Doctor Who 里面有几个关于历史名人——是的,这里我就只称呼他们名人而不是诸如「大师」之类的——的场景给我印象颇深。
莎士比亚(是他么?)关心自己的作品是否流芳百世,Doctor 告诉他会,会流传很久很久,对方开心得不行;阿加莎对自己的天赋感到质疑,在突发事件中对自己没有信心,陷入了妄自菲薄的低迷情绪,Doctor 却看到了她为何能写出那么棒的侦探小说的原由——因为她懂人性;梵高来到二十一世纪,看到自己的作品被展览,听到博物馆导说说自己是最伟大的画家时候激动得泪流满面……
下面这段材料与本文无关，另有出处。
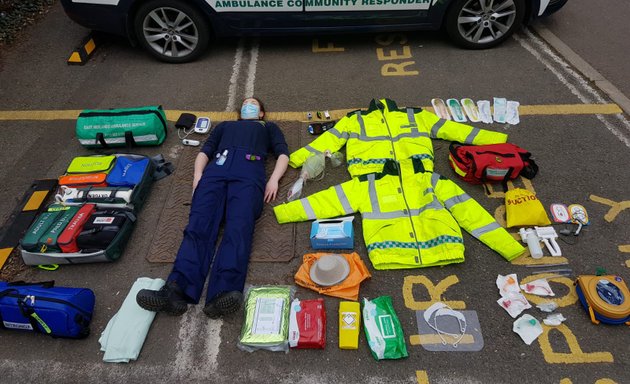 Photo of UoN First Responders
单单把这些行为解释成他们追求名利,倒可能真的冤枉了他们。不过,我从来不认为这是什么贬义,人们用这个短语的时候,常常不自觉地(相对字面意思)更加狭义地理解它。以至于我们说起某人「追名逐利」都非得露出不屑的眼神和表情以期与之划清界限。
但我偏偏喜欢 Doctor Who 里面这几位的行为反应喜欢得要死。这大概正中我对名人常有的扭曲的意淫的下怀。譬如每次想起叶芝啊、济慈啊这些大才子们写情诗的场景,我就会想他们大概也从来没有忘记过他们满腹的才华,可能一半的时间脑中想的并非梦中情人,而是在为自己笔尖下的佳句而沾沾自喜。哎呀,这种想法真是让我乐不可支。
作为一个标准的伪文青,我从小到大都无一例外地踩了那些成年之后不堪回首的羞耻阅读地雷。比如安妮宝贝啊,郭敬明啊……而开始读张爱玲,也是听到了烂大街的「出名要趁早」这句话。但是张爱玲是真爱,至今仍然是,哪怕不知道从什么时候起似乎大家也把她跟安妮宝贝一起并列,我也只能「纳尼?」然后摆出 who tm cares 的态度。
哦偏题了。「出名要趁早」这话常常被人拎出来用,也常常有还原党们指责此话被断章取义了。
但我不管它是来自哪里,不管它是不是真爱张爱玲写的,我都喜欢这句话。它如此简单粗暴地勾勒了青年中二病——哦不,是捅开了那层欲望的窗户纸,赤裸裸地跟你说「别故作矜持啦!」
昆德拉在《不朽》中对这种对世俗的不朽的渴望有着很有趣的描绘。歌德和海明威在死后相遇,歌德因为死的年限更长,终于看破了不朽,而海明威死了才「二三十年」,图样。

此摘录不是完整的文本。